▶ About this task
Count every line in the entries below that contains the word "High", and give only that number.

[Records excerpted from a collection]

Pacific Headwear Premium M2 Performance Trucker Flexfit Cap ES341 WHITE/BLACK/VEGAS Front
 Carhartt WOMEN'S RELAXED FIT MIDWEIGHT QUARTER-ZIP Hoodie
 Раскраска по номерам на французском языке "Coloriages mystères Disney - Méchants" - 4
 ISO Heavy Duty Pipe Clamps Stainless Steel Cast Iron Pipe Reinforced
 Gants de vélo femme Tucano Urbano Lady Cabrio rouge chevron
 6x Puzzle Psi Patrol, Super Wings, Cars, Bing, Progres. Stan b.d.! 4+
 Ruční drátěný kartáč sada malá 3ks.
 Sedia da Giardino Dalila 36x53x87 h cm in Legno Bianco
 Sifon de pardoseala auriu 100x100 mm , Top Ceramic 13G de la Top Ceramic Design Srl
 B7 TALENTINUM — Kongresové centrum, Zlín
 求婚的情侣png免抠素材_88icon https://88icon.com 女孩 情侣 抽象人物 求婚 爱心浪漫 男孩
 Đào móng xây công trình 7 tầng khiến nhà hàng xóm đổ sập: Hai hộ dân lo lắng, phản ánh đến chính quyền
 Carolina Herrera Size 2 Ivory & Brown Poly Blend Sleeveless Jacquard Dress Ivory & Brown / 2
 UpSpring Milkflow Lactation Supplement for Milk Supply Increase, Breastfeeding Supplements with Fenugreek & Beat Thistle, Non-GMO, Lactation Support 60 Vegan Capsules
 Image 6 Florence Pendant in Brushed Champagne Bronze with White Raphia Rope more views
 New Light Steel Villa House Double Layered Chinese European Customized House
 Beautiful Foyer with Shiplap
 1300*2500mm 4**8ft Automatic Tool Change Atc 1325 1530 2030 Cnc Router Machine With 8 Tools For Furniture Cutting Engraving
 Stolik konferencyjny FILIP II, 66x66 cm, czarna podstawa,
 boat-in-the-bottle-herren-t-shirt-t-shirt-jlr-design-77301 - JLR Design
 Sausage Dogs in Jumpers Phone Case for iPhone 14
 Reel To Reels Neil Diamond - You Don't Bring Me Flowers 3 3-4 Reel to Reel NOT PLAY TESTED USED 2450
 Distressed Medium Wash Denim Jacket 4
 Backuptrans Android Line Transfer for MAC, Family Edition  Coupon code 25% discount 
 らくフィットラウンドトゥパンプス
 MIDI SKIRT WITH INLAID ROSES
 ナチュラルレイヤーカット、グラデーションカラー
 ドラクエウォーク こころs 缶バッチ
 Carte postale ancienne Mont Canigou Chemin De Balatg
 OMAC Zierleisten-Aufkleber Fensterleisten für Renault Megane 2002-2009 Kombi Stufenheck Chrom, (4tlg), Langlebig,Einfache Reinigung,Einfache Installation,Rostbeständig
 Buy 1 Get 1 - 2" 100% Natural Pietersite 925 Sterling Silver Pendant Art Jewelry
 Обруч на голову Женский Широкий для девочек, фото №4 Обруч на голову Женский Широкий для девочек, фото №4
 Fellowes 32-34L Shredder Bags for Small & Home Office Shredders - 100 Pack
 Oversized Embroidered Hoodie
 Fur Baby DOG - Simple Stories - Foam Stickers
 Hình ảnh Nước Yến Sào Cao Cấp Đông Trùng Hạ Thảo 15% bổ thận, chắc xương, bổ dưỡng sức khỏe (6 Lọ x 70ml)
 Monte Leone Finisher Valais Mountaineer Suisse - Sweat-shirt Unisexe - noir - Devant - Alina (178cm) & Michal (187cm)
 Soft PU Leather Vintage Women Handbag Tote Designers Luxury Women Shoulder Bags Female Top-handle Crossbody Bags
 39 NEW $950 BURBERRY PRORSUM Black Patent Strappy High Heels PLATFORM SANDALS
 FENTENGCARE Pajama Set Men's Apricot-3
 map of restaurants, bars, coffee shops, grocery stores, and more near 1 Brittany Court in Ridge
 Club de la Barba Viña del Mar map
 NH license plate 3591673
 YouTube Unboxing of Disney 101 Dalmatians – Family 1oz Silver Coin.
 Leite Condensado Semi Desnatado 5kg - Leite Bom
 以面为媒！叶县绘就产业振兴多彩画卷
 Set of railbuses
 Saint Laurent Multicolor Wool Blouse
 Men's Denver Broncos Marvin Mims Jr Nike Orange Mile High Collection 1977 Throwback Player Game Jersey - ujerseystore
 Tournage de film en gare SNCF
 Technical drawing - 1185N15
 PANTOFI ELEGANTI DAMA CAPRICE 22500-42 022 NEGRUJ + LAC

▶ Reply to the task
2